Os pacientes oncológicos e oncoematológicos geralmente apresentam manifestações orais em conseqüência da intensa imunossupressão obtida através de químio e/ou radioterapia. Essas manifestações orais podem ser graves e interferir nos resultados da terapêutica médica, levando a complicações sistêmicas importantes, podendo aumentar o tempo de internação hospitalar, os custos do tratamento e afetar diretamente a qualidade de vida destes pacientes.

Os fatores que afetam a freqüência do desenvolvimento de problemas bucais estão relacionados com o paciente e com a terapia. Os fatores que se relacionam ao paciente são a idade, o diagnóstico e a condição bucal do paciente antes e durante a terapêutica. E os fatores relacionados com a terapia são o tipo de droga quimioterápica, a dose e a freqüência do tratamento.

No que se refere ao paciente, quanto mais jovem maior parece ser a possibilidade de a quimioterapia afetar a boca. Os efeitos colaterais bucais em crianças abaixo dos 12 anos de idade aumentam em mais que o dobro que nos pacientes adultos. Parece provável que o índice mitótico elevado das células da mucosa bucal, neste grupo etário, seja um fator adjuvante.

Os pacientes com higiene bucal inadequada, em presença de infecções de origem odontogênica e/ou periodontal prévias à quimioterapia correm grande risco de desenvolver uma infecção bucal, a qual pode ser disseminada por via hematogênica e comprometer outros órgãos, durante os períodos de mielossupressão induzida pela quimioterapia.Com relação à terapia, sabe-se que nem todos os agentes quimioterápicos são igualmente estomatotóxicos ou causam os mesmos efeitos nos tecidos bucais. Medicações como metotrexato, ciclofosfamida e 5-fluorouracil são as mais envolvidas com o surgimento da mucosite oral.

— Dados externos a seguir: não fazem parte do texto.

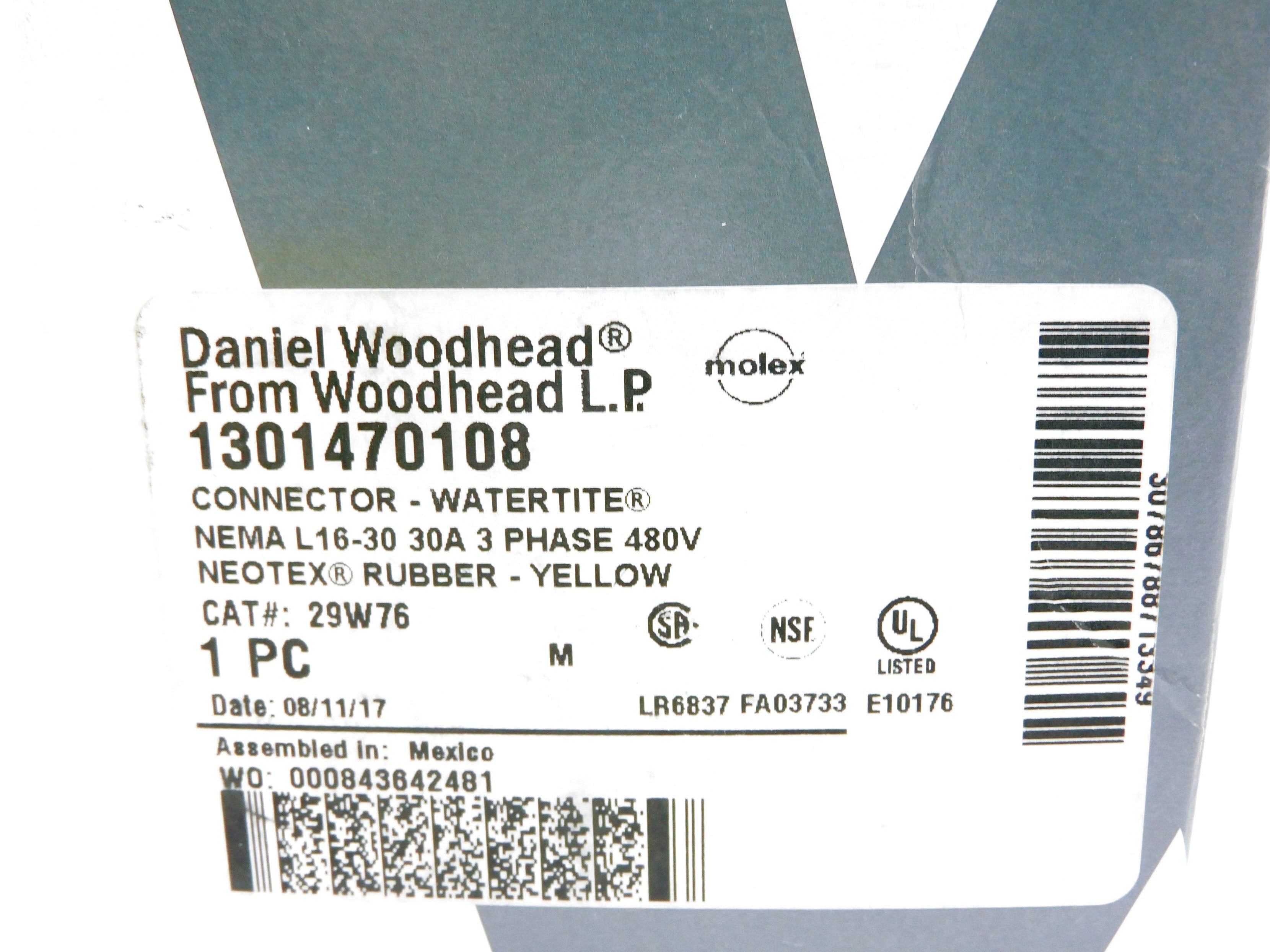 DANIEL WOODHEAD 29W76 (AS PICTURED) NSMP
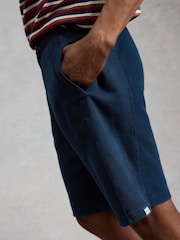 White Stuff Blue Sidmouth Sweat Shorts - Image 4 of 6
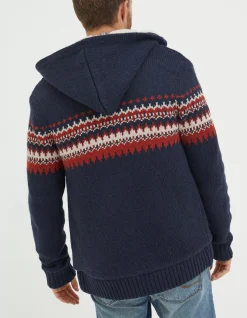 FatFace Borg Lined Fairisle Hoodie|Men View All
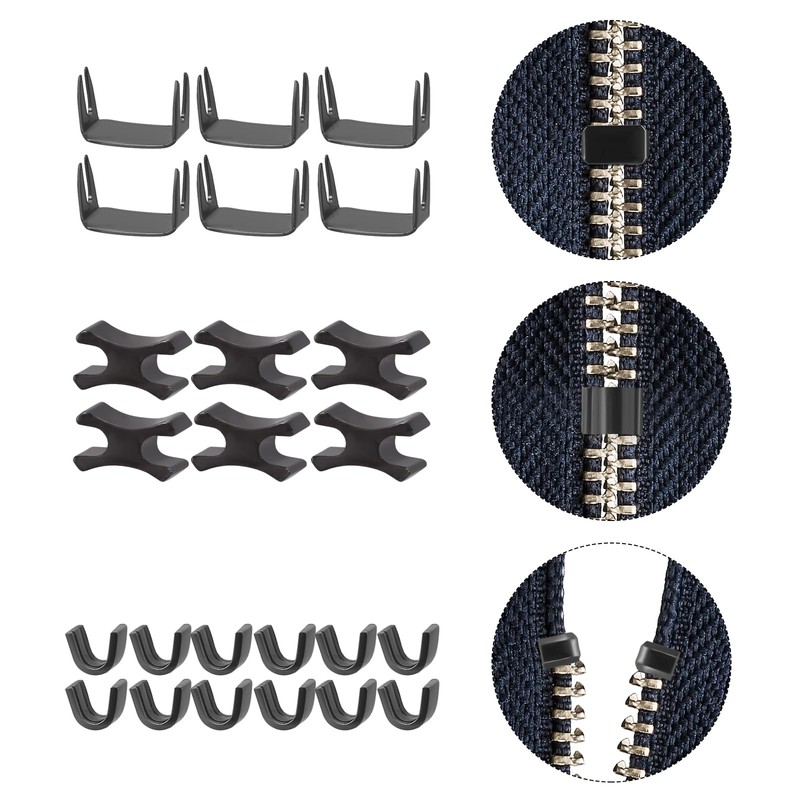 108 Piece Zip Repair Kit HXC Zip Replacement Zip Repair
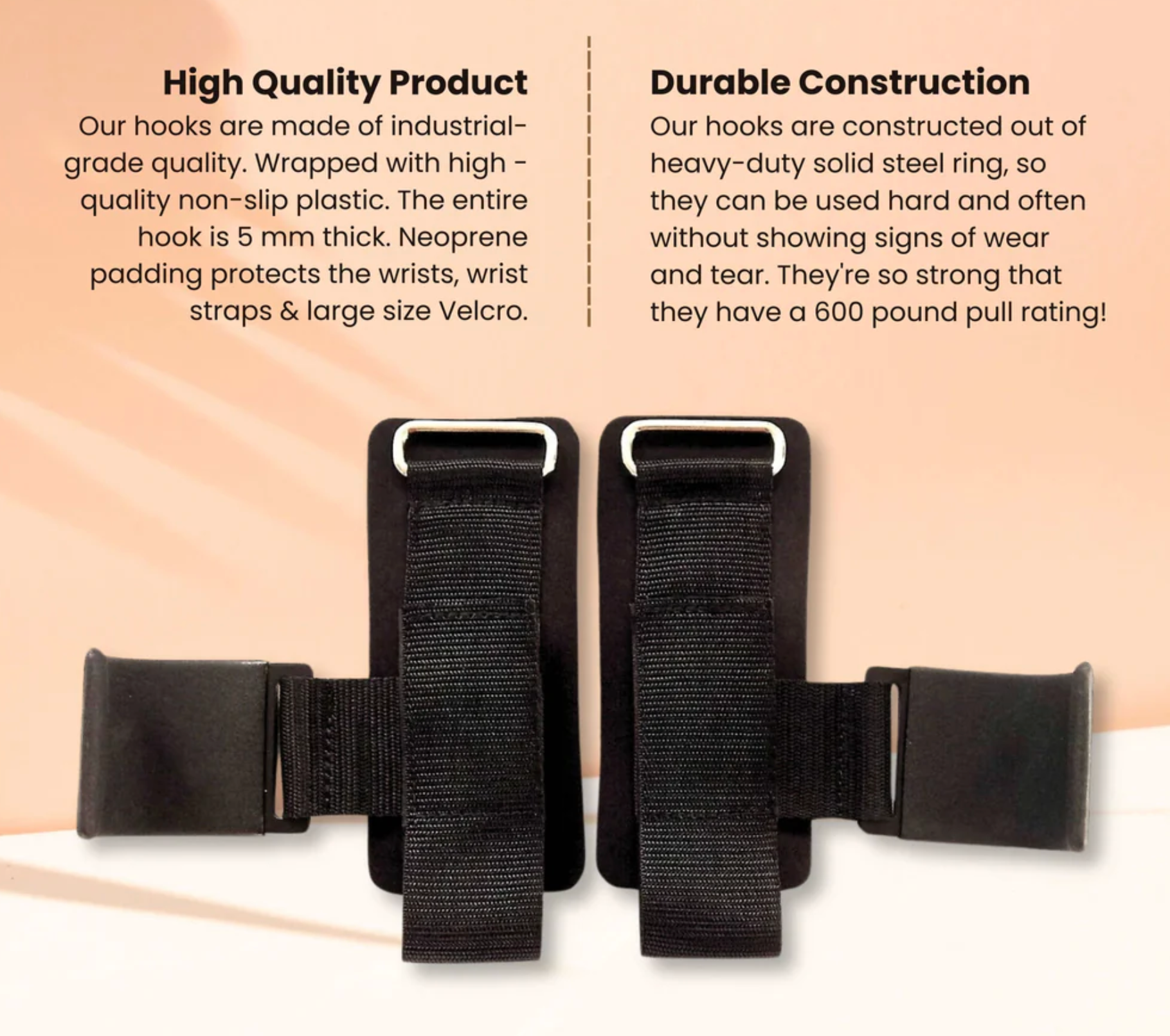 Adjustable Bodybuilding Wrist Hook Strap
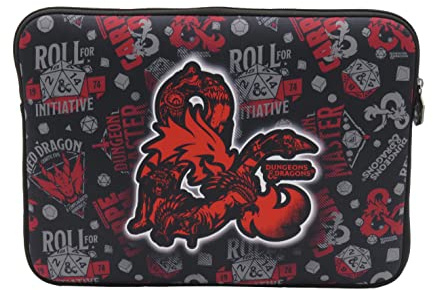 CYPBRANDS Dragons and Dungeons - 15 Laptoptasche, Computertasche, Laptoptasche, wasserdicht, schwarz, offizielles Produkt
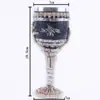 Copo de Vinho Caveira Resina Copo Caveira Personalidade Utensílios de Mesa Ornamentos Escravo Copo de Vinho Caveira Revestimento de Aço Inoxidável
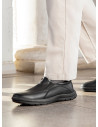 mocasín negro hombre casual cuero para trabajo y tiempo libre
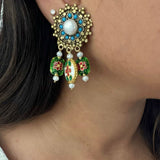 Feroza Afghan x Meena Earrings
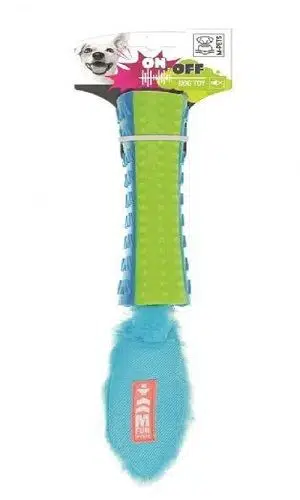 M-Pets Funsty Kauçuk Köpek Oyuncağı 40x5,6x5,6cm Mavi-Yeşil 10630399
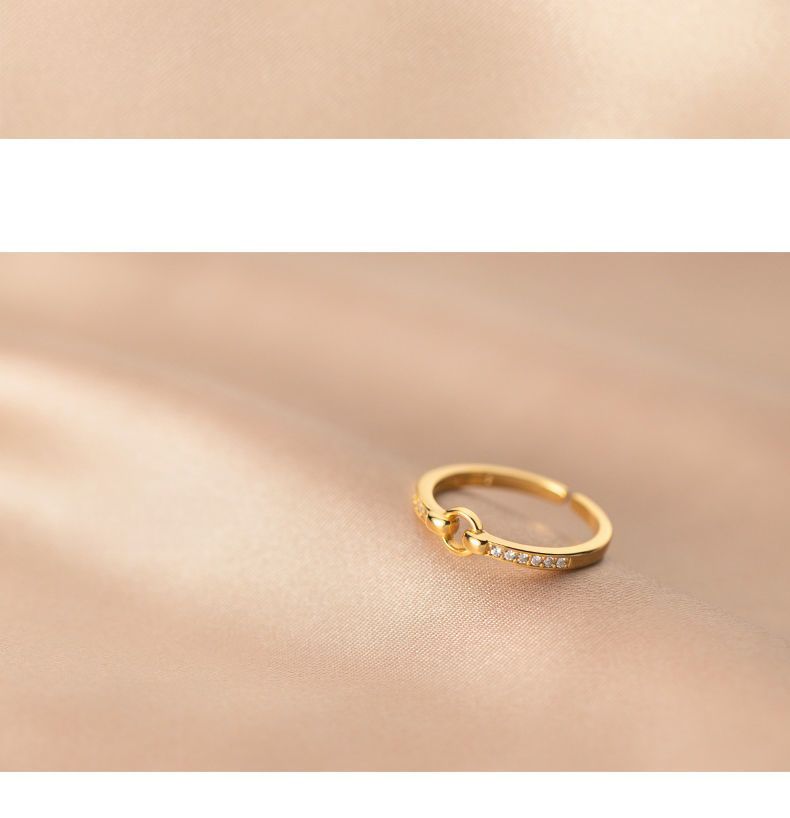 Circle Ring For Women, Ins Style, Non-Fading, Minimalist, High-End Feel, Niche Design, Student, High Appearance, Best_voghion.com
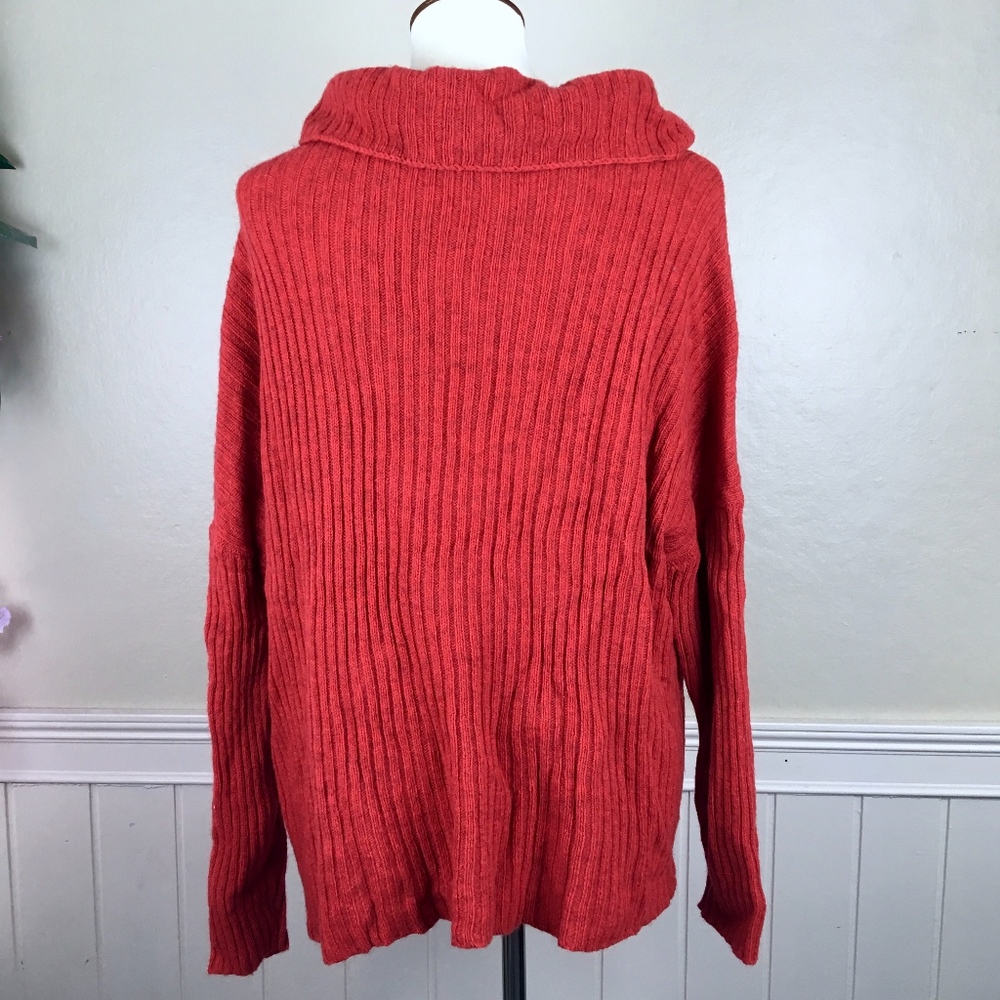 EILEEN FISHER Yak Sweater Red Size Small - Picture 4 of 8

Os efeitos colaterais bucais estão relacionados com a dose da droga administrada e o seu intervalo de tempo, que talvez seja o mais importante. O tratamento quimioterápico associado à radioterapia tende a potencializar estes efeitos colaterais

As complicações bucais mais freqüentemente encontradas nos pacientes submetidos ao tratamento quimioterápico são mucosite oral, xerostomia, neurotoxicidade, estomatotoxicidade indireta (infecções oportunistas e sangramento bucal).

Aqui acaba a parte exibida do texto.